I realized yesterday that it is easy to calculate the price of an ounce of silver in gold grams if you know the gold-silver ratio (Duh!) You just divide the ratio into 31.1035 (the number of grams in an ounce.) And the ratio is well documented throughout much of history. For instance, the website Measuring Worth provides annual values for the gold-silver ratio going back to 1687. I've used this data to create a new long term chart showing the price of silver from 1700 to today, and added it to the Silver chart page.
Silver has historically been both a monetary metal and an industrial metal. Prior to 1872, the prices of both gold and silver were heavily supported by governments worldwide for monetary reasons. Silver has now lost most of it's monetary use and is almost exclusively industrial, unlike gold, which has most of it's above ground supply sitting in the vaults of governments, banks and individuals in the form of bars and coins.
Silver consumption is skyrocketing due to worldwide demand for consumer electronics and power, communications and computing infrastructure, although much of the silver "consumed" in industrial usage is eventually recovered through recycling. On the supply side, most silver production is a side-effect of mining other industrial metals such as copper, zinc and lead. These factors give silver a complex supply-demand picture, and a relatively volatile price when measured in gold, at least since 1872.
It certainly looks like silver is at the low end of it's range at the moment, and headed up. Looking at the "tops" in 1872, 1919 and 1968 it would be tempting to project another top between 2015 and 2020, somewhere north of 1.5 grams per ounce – a potential return of 140% over a 10 year period, given the current silver price of .628 grams.
Stocks are certainly much more volatile, as you can see in the chart of the Dow Jones Industrials. This means the opportunity for larger gains, but also the risk of larger losses. Using similar cyclic logic on the DJIA, seeing bottoms at 1932 and 1980, and tops at 1929, 1966 and 1999, it is again tempting to project the next bottom between 2010 and 2020 somewhere south of 100 grams, with the next top possibly around 2,200 grams but probably not occurring until 2032 or later. With the Dow currently around 370, these would be huge swings – down 75% and back up over 2000%!
Since 1991, silver is up about 80% from .346 to .628 grams per ounce. Over that same period, the Dow is up from about 214 to 370 grams – around 70%. But during those years, the stock index rocketed to 1,400 before falling back to 370. Looking forward, I see support at around 300, 150 and 50. That's a long way down.
For the next 5 to 10 years, I'd much rather be long silver than large cap stocks!

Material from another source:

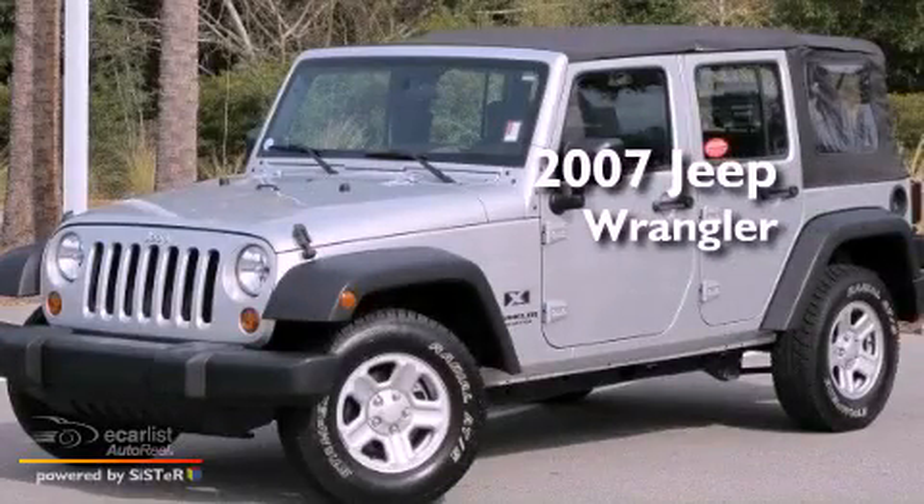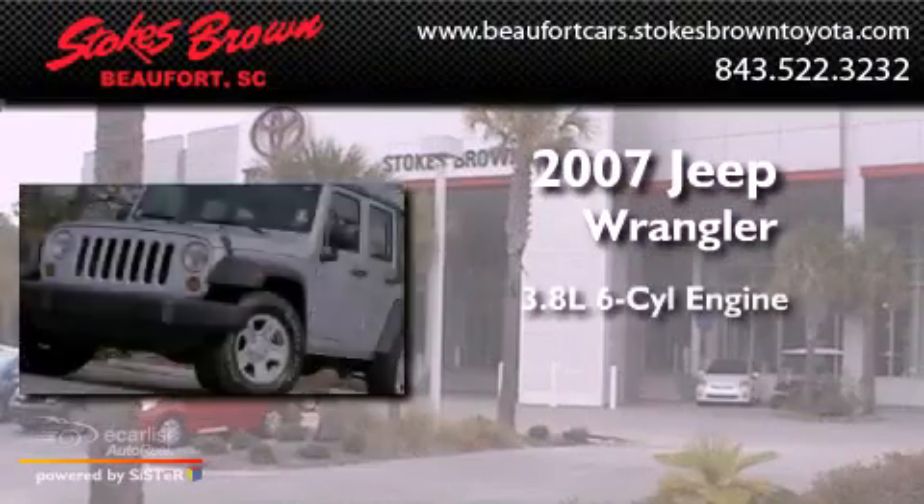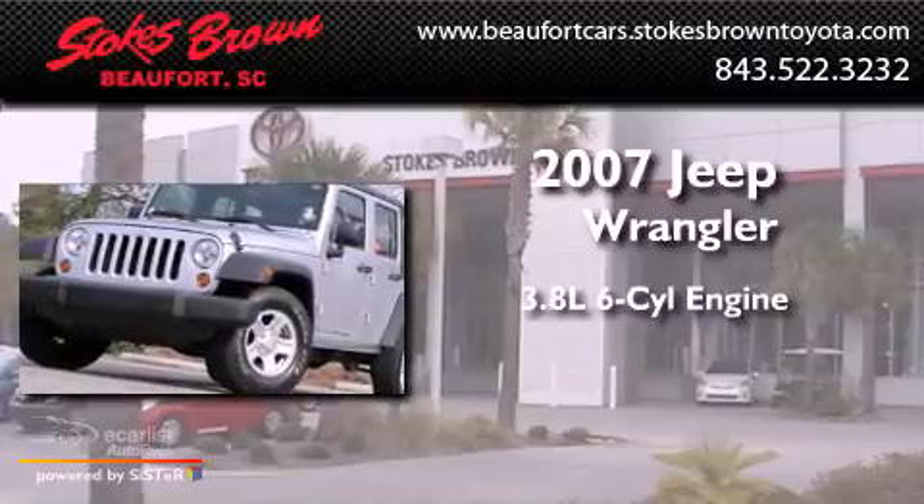This is a 2007 Jeep Wrangler. It has a 3.8-liter six-cylinder engine and a manual transmission.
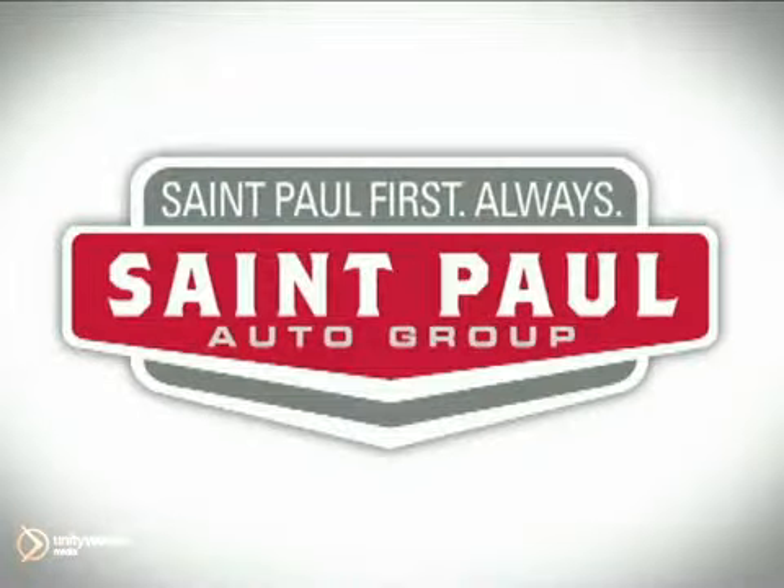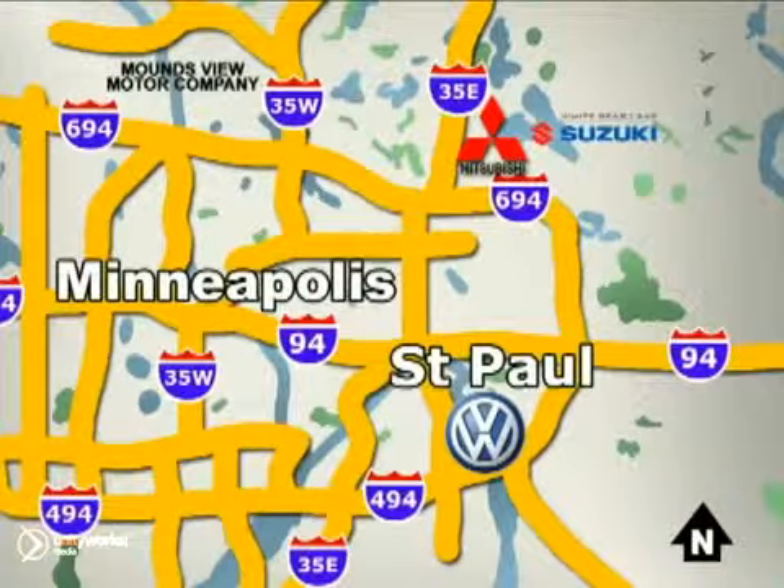St. Paul Autos. Why buy or service your vehicle anywhere else? Stop in today at any of three convenient locations and experience the St. Paul Autos difference. St. Paul Autos.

PS – One more thing I neglected to mention… companies can and do go bankrupt. That means their stock can become worthless, wiping out your investment entirely. Zip. Nada. Zilch. Goose-egg.
Even silver mining stocks can and do go belly-up. Physical silver cannot. It will always be one of the highest conductivity metals (both in terms of electricity and heat), it will always take an extremely high polish, and make beautiful jewelry. Its value in gold may rise and fall according to supply and demand, and be influenced by the availability of other alloys and the discovery of other uses, but it will never go to zero. Something to keep in mind in the perilous times ahead.